Yes. But other architectures will need the same fix.

>
> I'm not entirely convinced we shouldn't clean stuff up with a slightly
> bigger patch, though. Instead of capping the 'pos', just testing it
> seems the kind of more obvious thing. This code had similar problems
> before.
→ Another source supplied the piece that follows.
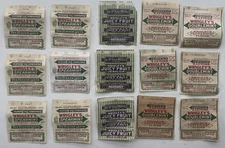 (15) Lot - 1920-30s Wrigley’s Juicy fruit, Spearmint, Doublemint gum Wrappers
So an alternative patch (still whitespace-damaged) would be
> something like
>
> --- a/arch/x86/kernel/cpu/proc.c
> +++ b/arch/x86/kernel/cpu/proc.c
> @@ -153,8 +153,12 @@
>
> static void *c_start(struct seq_file *m, loff_t *pos)
> {
> - *pos = cpumask_next(*pos - 1, cpu_online_mask);
> - if ((*pos) < nr_cpu_ids)
> + loff_t prev = *pos;
> +
> + if (prev >= nr_cpu_ids)
> + return NULL;
> + *pos = cpumask_next(prev - 1, cpu_online_mask);
> + if (*pos < nr_cpu_ids)
> return &cpu_data(*pos);
> return NULL;
> }
>
> which is a few lines more of patch, but stops depending on that "pos
> has to end up exactly at nr_cpu_ids" thing.

More worrisome thing for me is subtle changes in other locations.
For example, arch/ia64/kernel/mca.c is comparing the result of cpumask_next()
in different ways; one with nr_cpu_ids and the other with NR_CPUS. Maybe simply
commit 5dd3c9949a3e ("cpumask: prepare for iterators to only go to
nr_cpu_ids/nr_cpumask_bits.: ia64") forgot to update ia64_mca_cpe_int_caller().
Until all callers are checked, I afraid suddenly changing cpumask_next() to
return from nr_cpu_ids to NR_CPUS might break something.

static irqreturn_t
ia64_mca_cmc_int_caller(int cmc_irq, void *arg)
{
static int start_count = -1;
unsigned int cpuid;

cpuid = smp_processor_id();

/* If first cpu, update count */
if (start_count == -1)
start_count = IA64_LOG_COUNT(SAL_INFO_TYPE_CMC);

ia64_mca_cmc_int_handler(cmc_irq, arg);

cpuid = cpumask_next(cpuid+1, cpu_online_mask);

if (cpuid < nr_cpu_ids) {
ia64_send_ipi(cpuid, IA64_CMCP_VECTOR, IA64_IPI_DM_INT, 0);
} else {
/* If no log record, switch out of polling mode */
(...snipped...)
}

static irqreturn_t
ia64_mca_cpe_int_caller(int cpe_irq, void *arg)
{
static int start_count = -1;
static int poll_time = MIN_CPE_POLL_INTERVAL;
unsigned int cpuid;

cpuid = smp_processor_id();

/* If first cpu, update count */
if (start_count == -1)
start_count = IA64_LOG_COUNT(SAL_INFO_TYPE_CPE);

ia64_mca_cpe_int_handler(cpe_irq, arg);

cpuid = cpumask_next(cpuid+1, cpu_online_mask);

if (cpuid < NR_CPUS) {
ia64_send_ipi(cpuid, IA64_CPEP_VECTOR, IA64_IPI_DM_INT, 0);
} else {
/*
* If a log was recorded, increase our polling frequency,
(...snipped...)
}

>
> Either patch should result in the same thing and hopefully fix your
> warning, so I guess it's just a matter of taste.
>
> Linus
>

Since currently 99% of syzbot crashes are this bug, I want to fix as soon as
possible. Thus, regarding this cycle, restoring old behavior seems the safer.